A Jack of all Trades and Master of all: The Thirty Chapter IV
It couldn’t be done, the industry said with amusement. You can’t possibly shoot pictures and listen to sound at the same time, and whatever else. Today, we may take that for granted, but the ego of The Thirty, the first UK videojournalists assumed all journalism was within their cross hair.
It would make them eminently employable, but also cursed. For many years, several group members hid their association with videojournalism to fend of claims of amateurism about their work. Others saw things, understood so deeply the psychology of media and audiences, were so far above the norm, that TV executives didn’t get them. Their souls, creativity, work ethic remained unfulfilled.
On October 21st 2013, my good friend and former VJ Steve Punter, would literally write his last post on Facebook before taking his life. He wrote.
After nearly 20 years
In and out
I will come out of this door
for the last time
Sometime after 11 o clock
Hope she misses me
When I am gone
It’s been fun
In 1998, The Thirty had become many more, but the physical repository of their creativity, Channel One was to close down. Videojournalism would be revived at the BBC three years later, but with significant changes.

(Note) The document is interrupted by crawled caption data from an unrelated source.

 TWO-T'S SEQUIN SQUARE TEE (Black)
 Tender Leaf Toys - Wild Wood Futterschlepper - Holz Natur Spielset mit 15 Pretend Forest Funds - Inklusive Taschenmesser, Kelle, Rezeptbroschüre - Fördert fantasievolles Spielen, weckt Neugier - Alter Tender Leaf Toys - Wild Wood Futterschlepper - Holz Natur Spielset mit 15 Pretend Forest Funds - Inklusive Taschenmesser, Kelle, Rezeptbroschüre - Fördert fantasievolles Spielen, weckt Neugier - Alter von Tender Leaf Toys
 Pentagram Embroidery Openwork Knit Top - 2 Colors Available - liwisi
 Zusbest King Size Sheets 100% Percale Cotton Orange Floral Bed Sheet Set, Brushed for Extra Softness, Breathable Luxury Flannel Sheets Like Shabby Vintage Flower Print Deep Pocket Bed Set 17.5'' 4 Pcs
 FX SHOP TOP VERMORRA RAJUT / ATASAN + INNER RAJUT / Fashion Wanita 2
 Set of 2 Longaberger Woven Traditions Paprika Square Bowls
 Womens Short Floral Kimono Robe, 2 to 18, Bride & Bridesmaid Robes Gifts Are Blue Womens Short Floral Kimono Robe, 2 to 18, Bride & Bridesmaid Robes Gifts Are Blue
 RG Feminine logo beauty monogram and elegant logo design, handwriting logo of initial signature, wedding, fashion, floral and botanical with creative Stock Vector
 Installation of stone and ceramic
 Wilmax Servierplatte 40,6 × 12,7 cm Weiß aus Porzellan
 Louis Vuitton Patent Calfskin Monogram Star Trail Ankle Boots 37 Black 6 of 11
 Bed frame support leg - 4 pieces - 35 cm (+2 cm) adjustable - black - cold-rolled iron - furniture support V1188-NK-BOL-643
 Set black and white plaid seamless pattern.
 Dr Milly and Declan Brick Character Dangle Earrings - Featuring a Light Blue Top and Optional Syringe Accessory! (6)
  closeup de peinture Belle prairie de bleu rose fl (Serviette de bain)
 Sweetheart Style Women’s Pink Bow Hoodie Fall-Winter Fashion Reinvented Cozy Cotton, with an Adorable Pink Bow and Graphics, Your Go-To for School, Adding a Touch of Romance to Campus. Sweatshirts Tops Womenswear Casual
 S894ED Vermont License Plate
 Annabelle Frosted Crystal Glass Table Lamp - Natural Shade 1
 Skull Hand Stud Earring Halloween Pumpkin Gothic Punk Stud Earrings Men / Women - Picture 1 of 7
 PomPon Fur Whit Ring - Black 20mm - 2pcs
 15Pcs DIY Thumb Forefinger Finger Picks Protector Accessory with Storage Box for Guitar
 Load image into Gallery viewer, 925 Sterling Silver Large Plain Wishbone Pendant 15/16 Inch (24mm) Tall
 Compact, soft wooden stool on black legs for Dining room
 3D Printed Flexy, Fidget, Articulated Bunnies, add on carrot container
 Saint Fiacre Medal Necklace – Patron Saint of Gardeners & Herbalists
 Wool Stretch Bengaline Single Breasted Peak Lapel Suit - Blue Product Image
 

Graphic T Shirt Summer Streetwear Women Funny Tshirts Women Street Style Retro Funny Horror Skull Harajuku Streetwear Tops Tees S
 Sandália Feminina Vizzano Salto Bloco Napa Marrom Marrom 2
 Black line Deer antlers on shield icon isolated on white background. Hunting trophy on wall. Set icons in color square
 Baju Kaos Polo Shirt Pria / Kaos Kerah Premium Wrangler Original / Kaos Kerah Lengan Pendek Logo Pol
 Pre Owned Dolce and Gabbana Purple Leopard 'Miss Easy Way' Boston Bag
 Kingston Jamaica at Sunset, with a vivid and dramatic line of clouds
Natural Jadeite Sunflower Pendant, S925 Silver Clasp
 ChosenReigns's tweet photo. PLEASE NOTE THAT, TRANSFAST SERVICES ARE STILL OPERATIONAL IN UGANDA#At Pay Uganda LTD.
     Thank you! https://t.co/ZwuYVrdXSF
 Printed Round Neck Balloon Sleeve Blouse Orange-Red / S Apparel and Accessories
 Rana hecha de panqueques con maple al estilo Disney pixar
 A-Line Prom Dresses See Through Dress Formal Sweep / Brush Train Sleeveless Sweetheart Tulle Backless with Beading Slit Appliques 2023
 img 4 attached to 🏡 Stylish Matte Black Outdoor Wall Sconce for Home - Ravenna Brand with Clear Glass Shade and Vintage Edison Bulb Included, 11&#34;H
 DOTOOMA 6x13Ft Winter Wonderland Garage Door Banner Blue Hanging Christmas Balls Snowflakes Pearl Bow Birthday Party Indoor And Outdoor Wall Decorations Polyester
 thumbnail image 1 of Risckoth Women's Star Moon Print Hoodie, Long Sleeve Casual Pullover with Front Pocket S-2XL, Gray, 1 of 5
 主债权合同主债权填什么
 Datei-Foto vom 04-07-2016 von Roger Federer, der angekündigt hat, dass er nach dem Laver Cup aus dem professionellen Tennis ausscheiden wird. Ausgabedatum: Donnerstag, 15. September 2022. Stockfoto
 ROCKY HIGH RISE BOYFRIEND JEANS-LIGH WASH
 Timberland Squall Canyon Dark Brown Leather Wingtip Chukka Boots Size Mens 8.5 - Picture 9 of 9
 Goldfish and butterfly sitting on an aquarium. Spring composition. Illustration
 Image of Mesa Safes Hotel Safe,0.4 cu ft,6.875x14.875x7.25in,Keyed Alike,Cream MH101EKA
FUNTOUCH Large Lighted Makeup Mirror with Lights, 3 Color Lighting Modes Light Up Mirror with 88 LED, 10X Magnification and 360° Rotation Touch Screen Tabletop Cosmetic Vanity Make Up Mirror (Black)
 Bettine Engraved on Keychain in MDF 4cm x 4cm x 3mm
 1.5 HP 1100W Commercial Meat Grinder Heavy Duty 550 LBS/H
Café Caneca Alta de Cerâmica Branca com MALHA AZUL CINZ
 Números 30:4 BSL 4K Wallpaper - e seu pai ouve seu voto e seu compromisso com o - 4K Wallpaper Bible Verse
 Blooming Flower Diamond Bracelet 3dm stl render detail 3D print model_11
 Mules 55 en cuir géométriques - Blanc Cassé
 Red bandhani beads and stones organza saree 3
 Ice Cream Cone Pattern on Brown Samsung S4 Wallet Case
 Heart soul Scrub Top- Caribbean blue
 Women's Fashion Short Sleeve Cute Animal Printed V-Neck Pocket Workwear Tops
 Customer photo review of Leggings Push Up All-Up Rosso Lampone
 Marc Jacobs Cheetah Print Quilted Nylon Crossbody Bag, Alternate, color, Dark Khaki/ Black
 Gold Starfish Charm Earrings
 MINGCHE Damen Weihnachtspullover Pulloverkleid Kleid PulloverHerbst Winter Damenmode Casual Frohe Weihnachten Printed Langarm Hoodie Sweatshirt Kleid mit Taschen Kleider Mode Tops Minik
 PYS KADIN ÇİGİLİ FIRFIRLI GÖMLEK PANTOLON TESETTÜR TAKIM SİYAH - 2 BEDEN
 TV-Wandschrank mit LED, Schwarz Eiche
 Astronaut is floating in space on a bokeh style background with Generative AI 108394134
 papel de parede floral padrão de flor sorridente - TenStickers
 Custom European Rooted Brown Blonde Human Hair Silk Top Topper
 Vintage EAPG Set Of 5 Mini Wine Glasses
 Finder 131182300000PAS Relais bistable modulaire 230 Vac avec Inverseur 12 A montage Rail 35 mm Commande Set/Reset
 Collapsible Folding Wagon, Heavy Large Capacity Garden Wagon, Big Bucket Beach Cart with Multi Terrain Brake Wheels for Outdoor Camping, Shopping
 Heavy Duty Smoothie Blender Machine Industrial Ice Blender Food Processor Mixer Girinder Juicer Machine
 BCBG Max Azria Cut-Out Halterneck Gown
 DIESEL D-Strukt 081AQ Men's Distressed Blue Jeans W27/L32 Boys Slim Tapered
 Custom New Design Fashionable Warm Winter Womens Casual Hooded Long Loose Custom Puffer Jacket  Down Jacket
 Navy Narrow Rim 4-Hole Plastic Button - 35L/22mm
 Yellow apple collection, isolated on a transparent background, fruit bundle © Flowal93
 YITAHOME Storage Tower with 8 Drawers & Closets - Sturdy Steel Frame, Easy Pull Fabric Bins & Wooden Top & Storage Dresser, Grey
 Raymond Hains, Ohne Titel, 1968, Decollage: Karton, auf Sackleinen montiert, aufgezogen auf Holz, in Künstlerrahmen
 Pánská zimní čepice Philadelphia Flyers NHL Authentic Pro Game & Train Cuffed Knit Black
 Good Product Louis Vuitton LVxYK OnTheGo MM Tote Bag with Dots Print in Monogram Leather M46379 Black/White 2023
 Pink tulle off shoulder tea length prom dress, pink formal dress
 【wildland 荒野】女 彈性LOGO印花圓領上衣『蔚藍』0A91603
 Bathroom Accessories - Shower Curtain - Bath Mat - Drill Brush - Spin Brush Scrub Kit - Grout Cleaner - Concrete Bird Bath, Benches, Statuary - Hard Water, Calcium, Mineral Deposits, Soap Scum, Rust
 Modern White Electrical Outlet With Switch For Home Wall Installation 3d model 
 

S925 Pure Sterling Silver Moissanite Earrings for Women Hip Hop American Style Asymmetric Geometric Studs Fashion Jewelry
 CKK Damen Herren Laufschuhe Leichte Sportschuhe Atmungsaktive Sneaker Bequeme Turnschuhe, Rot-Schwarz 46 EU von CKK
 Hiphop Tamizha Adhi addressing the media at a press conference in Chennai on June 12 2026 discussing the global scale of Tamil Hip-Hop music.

What you may know as videojournalism today comes from a pared down use of the form, reworked by leading broadcasters, the BBC,CNN and others.
But its spirit of the Jack of all trades and aspiring to be the master of all lived on, somewhat disparately. The Net would spawn different styles of journalism some genuine, others constituted new businesses getting on the act.
But amongst the exemplars, patterns could be observed. Yes, they could do many things, but the manner in which they produced media had a quality it to it. Their stories, the way they used sequences, narration, dramaturgy, characterisation, post human editing, to an audience looked like something other than news journalism, and it was winning awards. The only rules, were there were no rules, it was about understanding the audience and re-representing meaning for them.
There are many whom I’ve had the privilege to meet. To list them would take me a while, so if you’ll forgive me, I’ll talk about a person who’s passionate about this, and was judged by others — me.